Write Path Pipeline: Chunking During FITS to Zarr Conversion¶

When converting OVRO-LWA FITS files to Zarr format, chunking decisions are made at write time and persist for the lifetime of the dataset. This guide explains how the ingest pipeline handles chunking, where to configure it, and how to verify the results.

The Ingest Pipeline Flow¶

The FITS to Zarr conversion follows a multi-stage pipeline that processes observations grouped by time and frequency:

flowchart LR
    A[FITS Files] --> B[fix_fits_headers]
    B --> C[_load_for_combine]
    C --> D[_combine_time_step]
    D --> E[_write_or_append_zarr]
    E --> F[Zarr Store]

    style A fill:#e1f5ff
    style F fill:#d4edda
    style C fill:#fff4e1

Pipeline stages:

fix_fits_headers(): Normalizes FITS headers to ensure xradio compatibility by materializing BSCALE/BZERO scaling and adding required keywords.
_load_for_combine() (src/ovro_lwa_portal/fits_to_zarr_xradio.py:241): Reads individual FITS files, computes RA/Dec coordinates from the WCS, and applies spatial chunking via xds.chunk({"l": chunk_lm, "m": chunk_lm}) (line 316).
_combine_time_step() (line 356): Merges multiple frequency subbands for a single time step using xr.combine_by_coords(), clearing encoding metadata to prevent conflicts (line 416).
_write_or_append_zarr() (line 445): Writes the combined dataset to disk using xradio's write_image() function. For appends, it reads the existing store lazily, concatenates along the time dimension, and writes atomically to a temporary path before swapping into place.
Zarr Store: The final Zarr directory contains chunked arrays stored as individual compressed blobs, with metadata in .zarray and .zattrs files.

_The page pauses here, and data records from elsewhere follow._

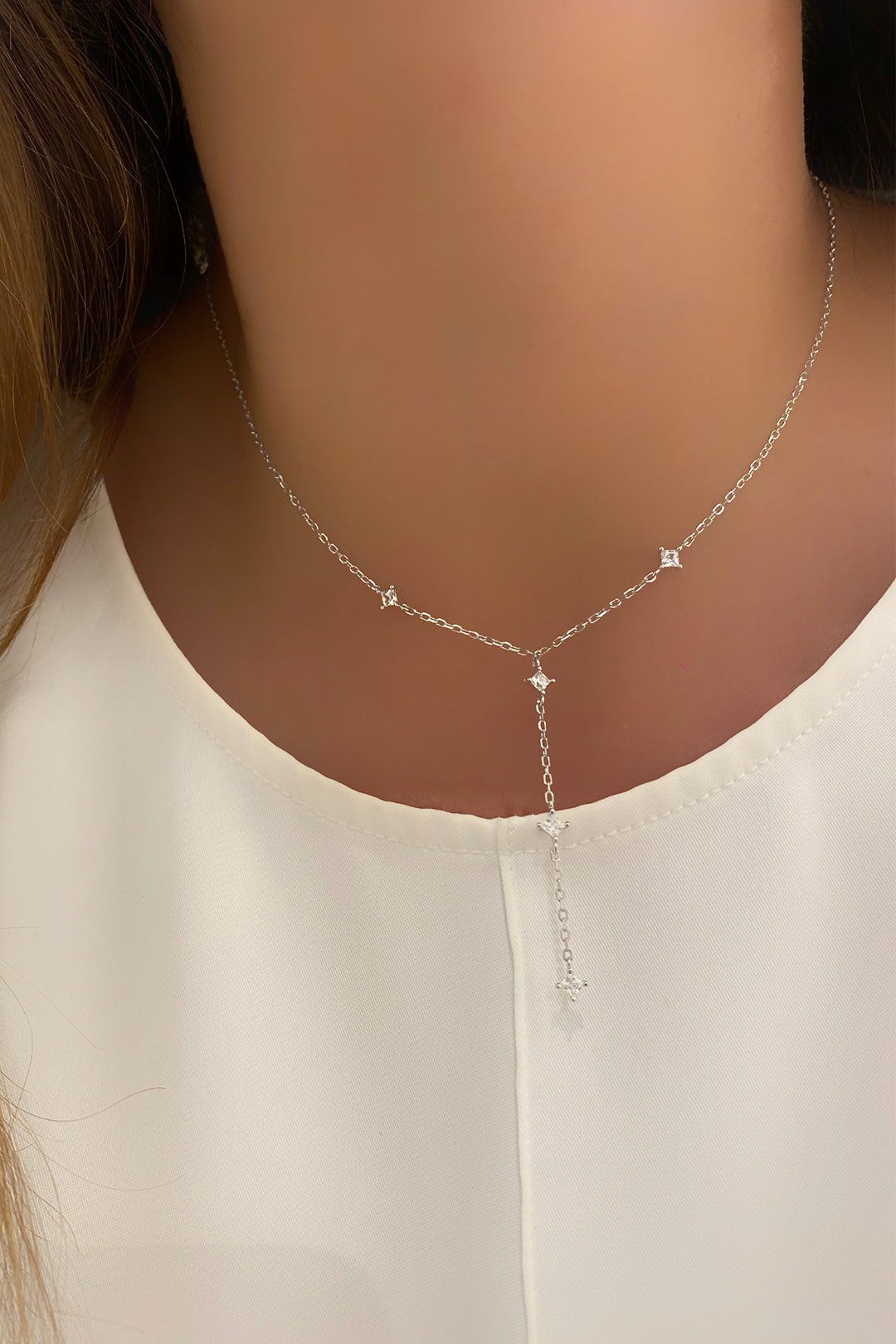 Beş Kare Taşlı Gümüş Y Kolye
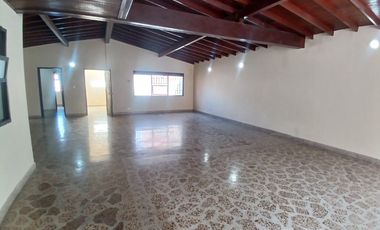 🏡 OFICINA EN ARRIENDO UBICADA EN MEDELLÍN SECTOR LAURELES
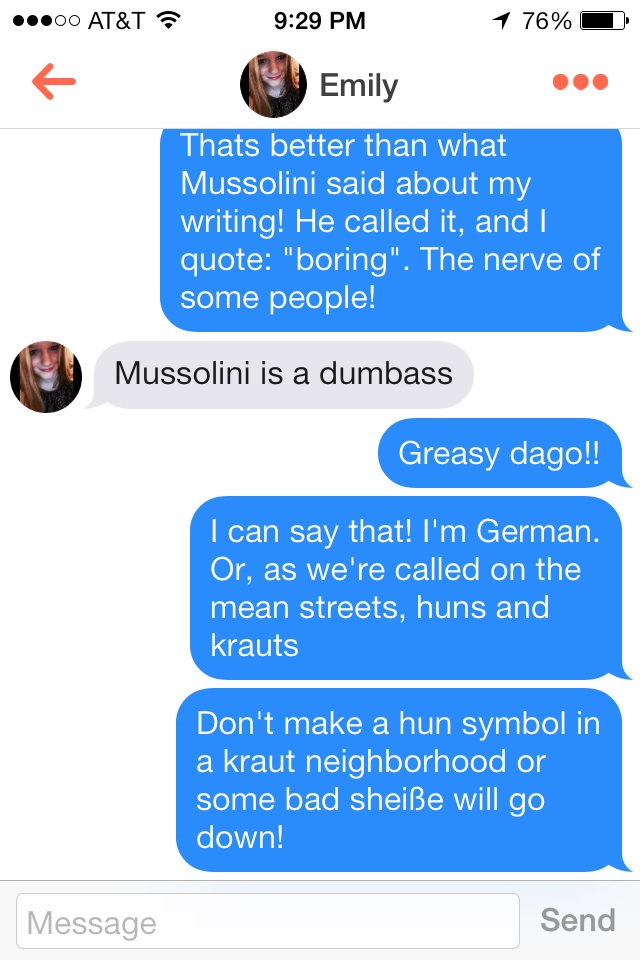 Illustration for article titled Gyilkos szóviccekkel csajozik Hitler a Tinderen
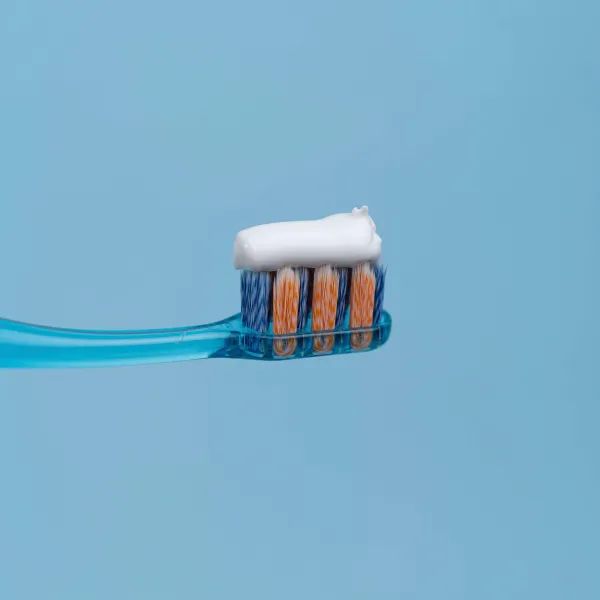 Зубна щітка Феско Fesco Ultra Multibrush Soft м'яка блакитна №1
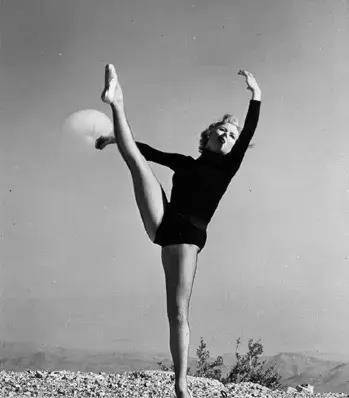 原子弹下的芭蕾舞者,远方为迪克西核试验的蘑菇云一位美国女孩与一位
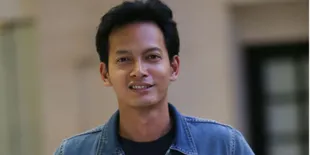 Fedi Nuril Penasaran Dengan Keindahan Danau Toba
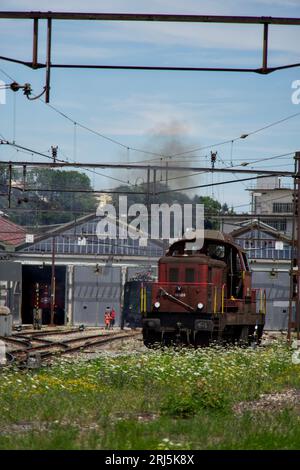 Un train d'époque circule le long d'une voie ferrée par une journée ensoleillée Banque D'Images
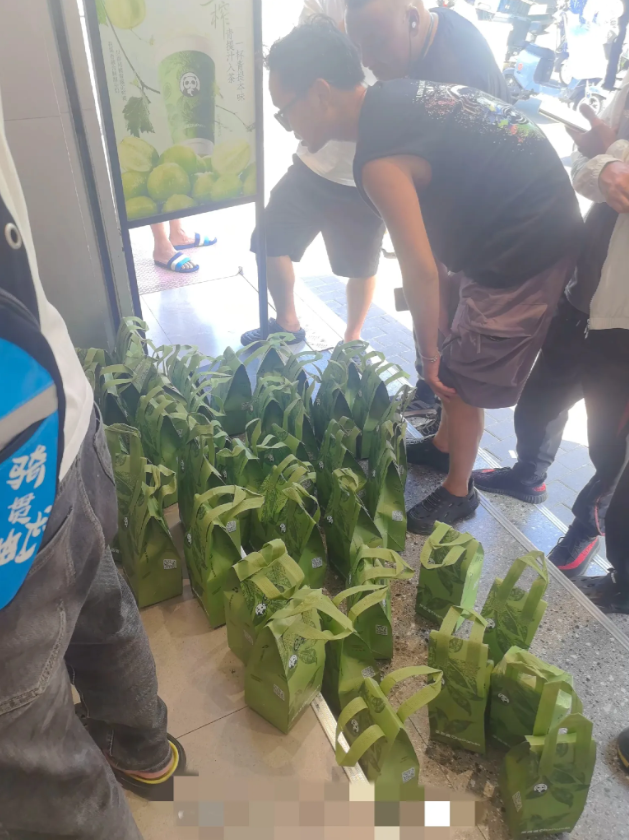 京东外卖的配送系统目前面临着一个尴尬的局面全职骑手在五险一金的加持下，新骑手开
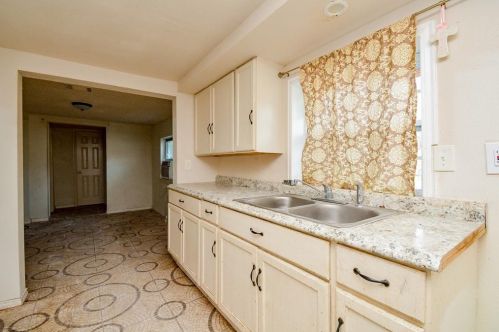 2005 5th St, Hempstead TX 77445-4702 exterior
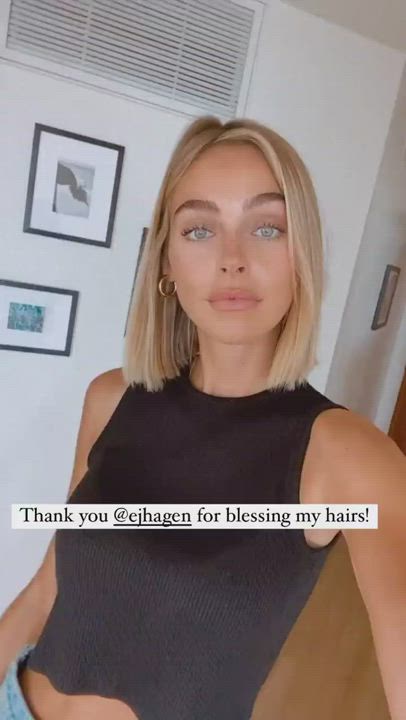 Elizabeth Turner gif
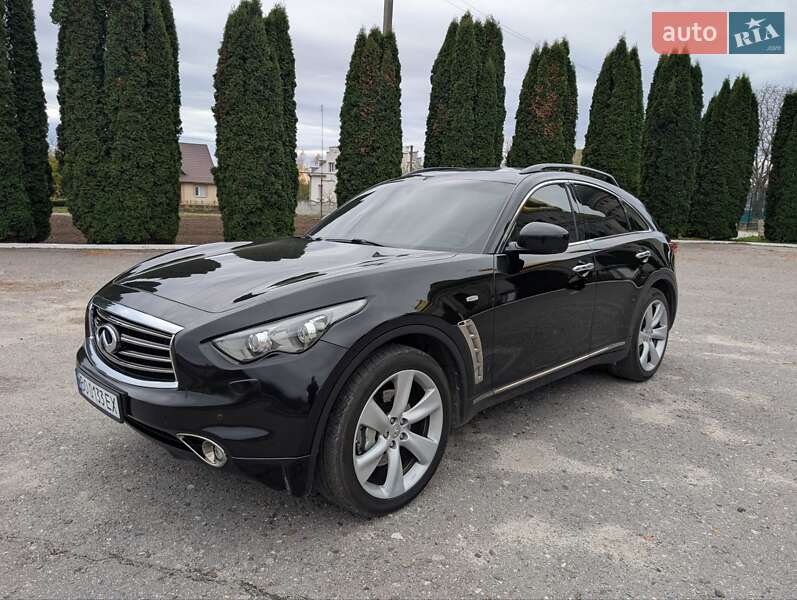 Infiniti FX 30 2011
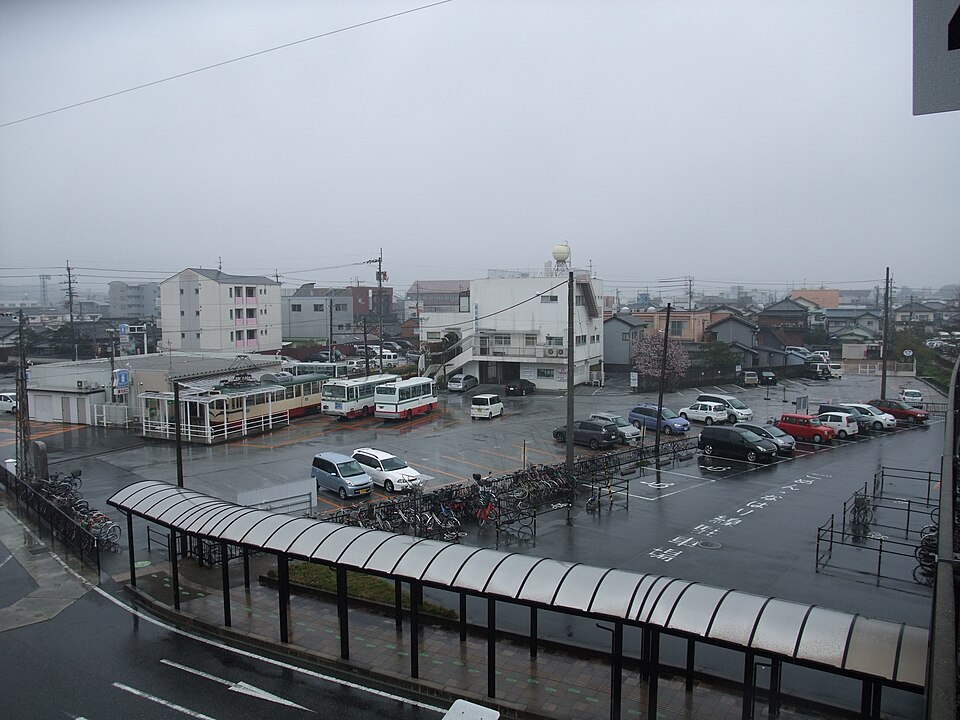 Fayl:くろ鉄後免町駅からの眺め・西向き - panoramio.jpg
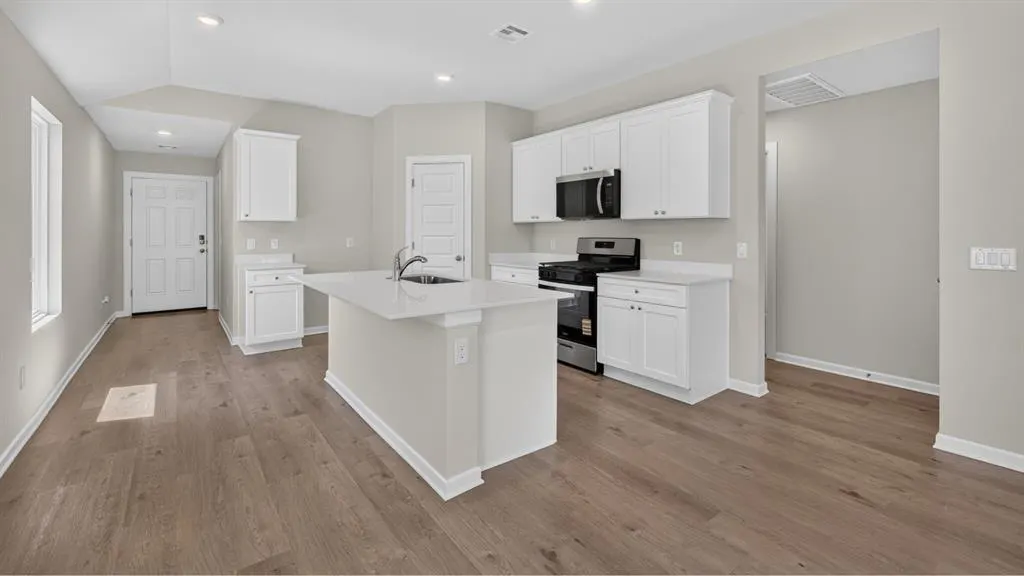 Photo 5 — 10321 Red Thistle Drive, Oklahoma City, OK 73114
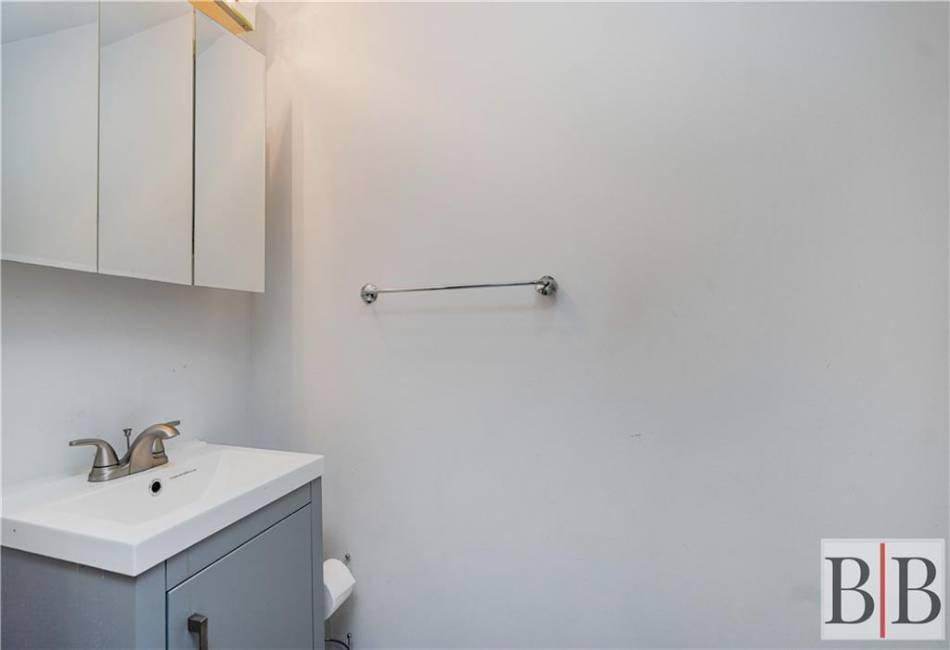 2394 National Drive, Brooklyn, New York 11234, 4 Bedrooms Bedrooms, ,4 BathroomsBathrooms,Residential,For Sale,National,489802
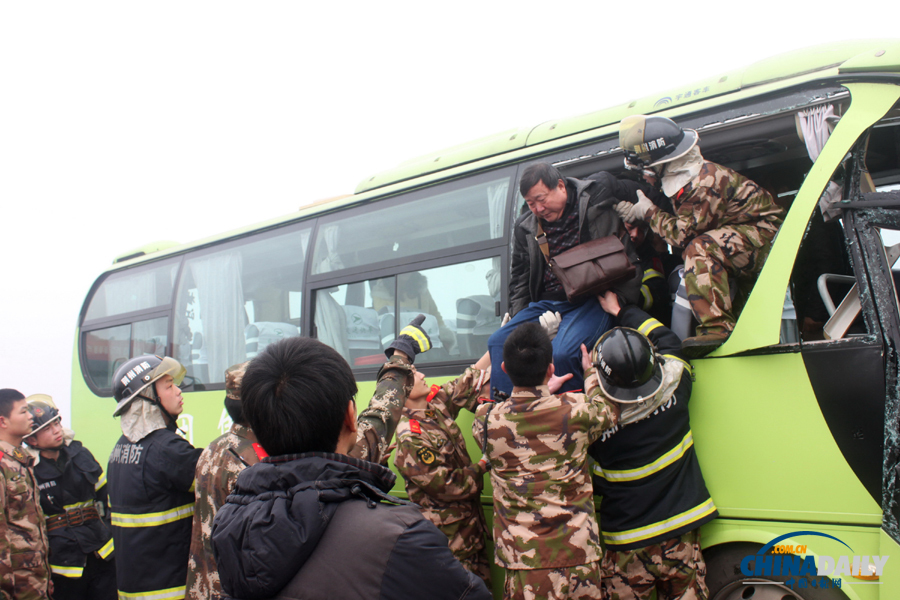 消防人員現(xiàn)場施救?；荼?攝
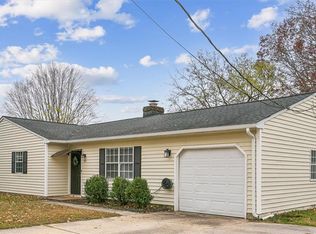 931 Moyer Rd, Newport News, VA 23608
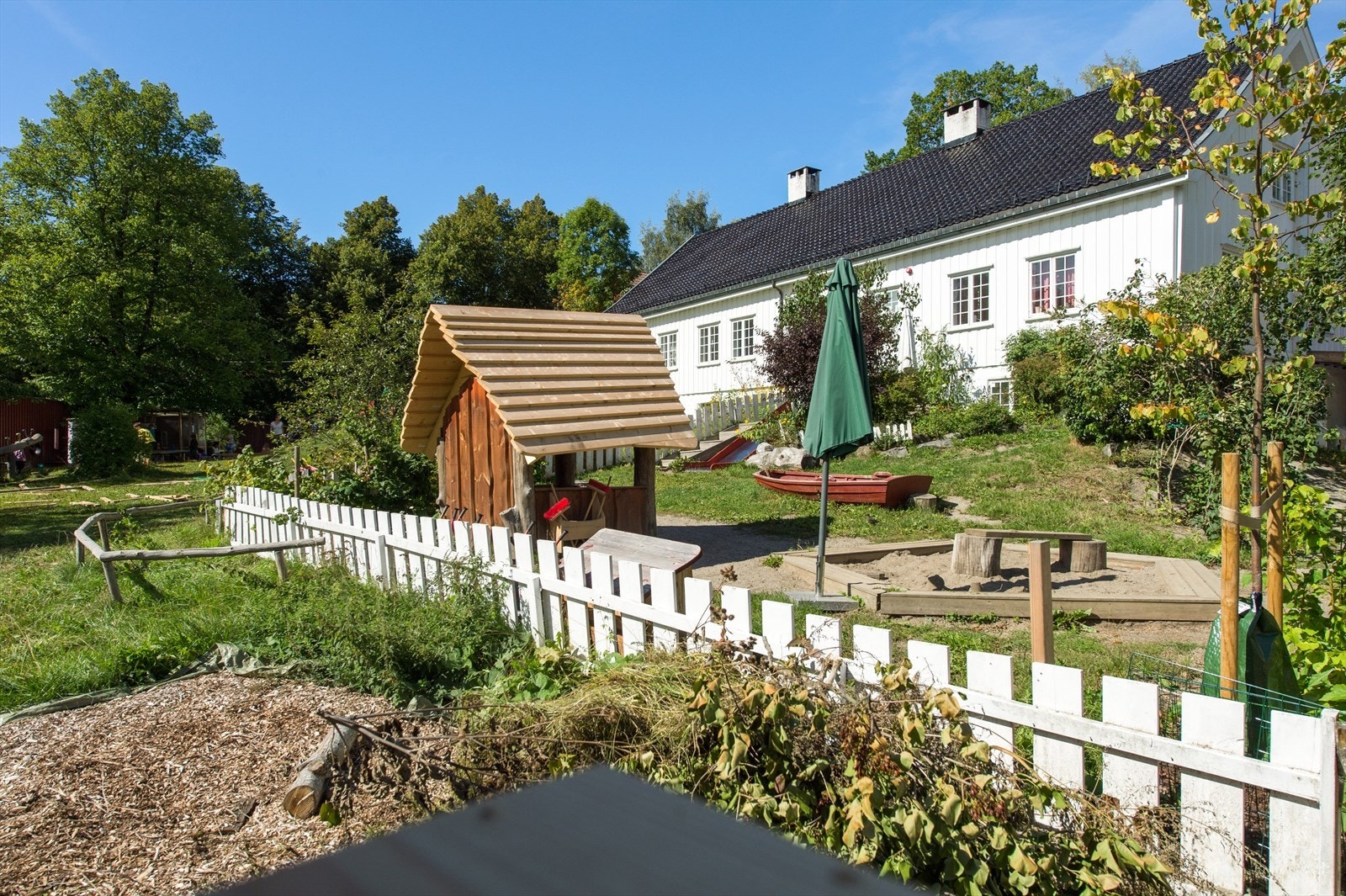 Steinerbarnehagen ligger et steinkast fra eiendommen. Galleribilde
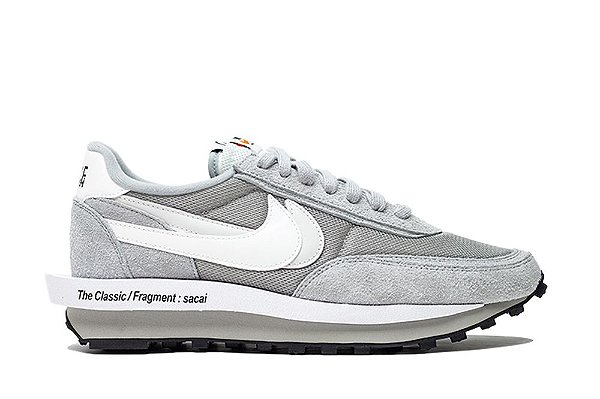 Nike sacai in store hotsell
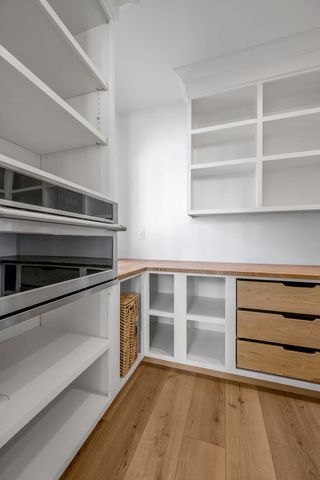 3288 Delong Road, Lexington, KY 40515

Where chunking happens: The chunking decision is made in _load_for_combine() at line 315–316, where the chunk_lm parameter controls the spatial tile size. Time, frequency, and polarization dimensions are not explicitly chunked at this stage and inherit defaults from xradio's write_image() behavior.

The chunk_lm Parameter¶

The chunk_lm parameter controls the chunk size for the l and m spatial dimensions, defining the size of spatial tiles that become individual chunks on disk.

Default value: 1024 (creates 1024×1024 spatial tiles)

Setting via CLI:

# Use default chunking (1024×1024)
ovro-ingest convert /path/to/fits /path/to/output

# Custom chunk size (2048×2048 tiles)
ovro-ingest convert /path/to/fits /path/to/output --chunk-lm 2048

# Disable spatial chunking (single chunk per spatial frame)
ovro-ingest convert /path/to/fits /path/to/output --chunk-lm 0

Setting via Python API:

from pathlib import Path
from ovro_lwa_portal.ingest import FITSToZarrConverter
from ovro_lwa_portal.ingest.core import ConversionConfig

# Default chunking
config = ConversionConfig(
    input_dir=Path("/path/to/fits"),
    output_dir=Path("/path/to/output"),
    zarr_name="observations.zarr",
)

# Custom chunk size
config = ConversionConfig(
    input_dir=Path("/path/to/fits"),
    output_dir=Path("/path/to/output"),
    zarr_name="observations.zarr",
    chunk_lm=2048,  # 2048×2048 spatial tiles
)

# Disable spatial chunking
config = ConversionConfig(
    input_dir=Path("/path/to/fits"),
    output_dir=Path("/path/to/output"),
    zarr_name="observations.zarr",
    chunk_lm=0,  # No spatial chunking
)

converter = FITSToZarrConverter(config)
result = converter.convert()

What chunk_lm=0 does: Setting chunk_lm=0 disables spatial chunking entirely. The conditional check at src/ovro_lwa_portal/fits_to_zarr_xradio.py:315 skips the xds.chunk() call, leaving spatial dimensions as single monolithic chunks. This configuration is not recommended for cloud storage access, as it forces reading the entire 4096×4096 spatial grid (64 MB uncompressed) even when analyzing a small region.

Code reference: The chunk_lm parameter is applied in _load_for_combine():

# src/ovro_lwa_portal/fits_to_zarr_xradio.py:315-316
if chunk_lm and {"l", "m"} <= set(xds.dims):
    xds = xds.chunk({"l": chunk_lm, "m": chunk_lm})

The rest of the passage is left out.